Reform-Eesti 200 coalition deal finally released, includes tax, pension changes

The ruling Reform Party and Eesti 200 have released a new coalition agreement, which includes cutting the wait time for rejoining the second pension pillar, offering car tax relief for families with children, completing key defense and tax reforms and continuing the development of four-lane highways to Pärnu and Tartu.
Reform and Eesti 200's party councils are set to approve the new coalition agreement on Saturday.
Under the new agreement, the Estonian government plans to reduce the wait time for rejoining the second pension pillar from ten years to five.
"We will restore the three-pillar pension system in a more flexible form than originally, to improve the long-term sustainability of the pension system and the livelihoods of future pensioners," the coalition agreement draft states.

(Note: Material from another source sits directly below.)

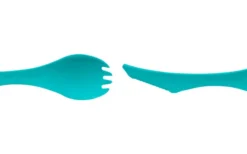Sea To Summit Delta Spork Essbesteck Löffel Messer Gabel Kombination Blau 9 Sea To Summit Delta Spork Essbesteck Löffel Messer Gabel Kombination Blau -Verkaufe Mobilkuche 414786 3034025 2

"We will strengthen the three-pillar pension system so that those retiring in the future can receive a dignified pension, and allow those who have left the second pillar to rejoin after five years," the draft says.
Under the new agreement, the burden of Estonia's car tax will depend on the number of minor children one has.
"We will ease the motor vehicle tax burden for each minor child, and additionally invest an amount equal to the annual tax in roads," the document states.
The government also plans to continue developing Tallinn-Pärnu Highway and Tallinn-Tartu Highway into 2+2 roads, or four-lane highways.
It plans to begin construction work on a section of Tallinn-Pärnu Highway in the fourth quarter of this year, and a section of Tallinn-Tartu Highway in the fourth quarter of 2026.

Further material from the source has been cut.